▶ STORED DATA:
+++++
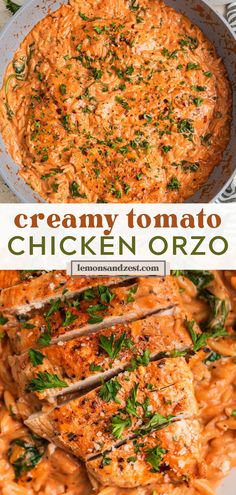 creamy tomato chicken orzo in a skillet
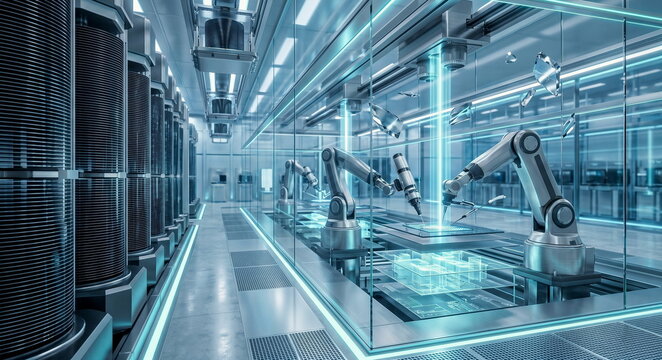 Futuristic semiconductor fab cross section with silicon wafer stacks, chip layers, photolithography beams, and microfabrication arms.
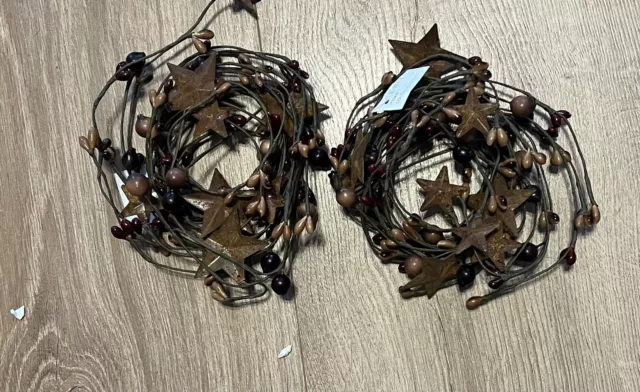 Primative Pip Berry Taper Candle Rings Set/2 with Stars Primitive Country Decor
+++++
Exactly as written, restate the lines from the one that contains "Futuristic semiconductor fab" through the final line of the data, both ends included, but leave out the pictures.

▶ RESPONSE:
 Futuristic semiconductor fab cross section with silicon wafer stacks, chip layers, photolithography beams, and microfabrication arms.
 Primative Pip Berry Taper Candle Rings Set/2 with Stars Primitive Country Decor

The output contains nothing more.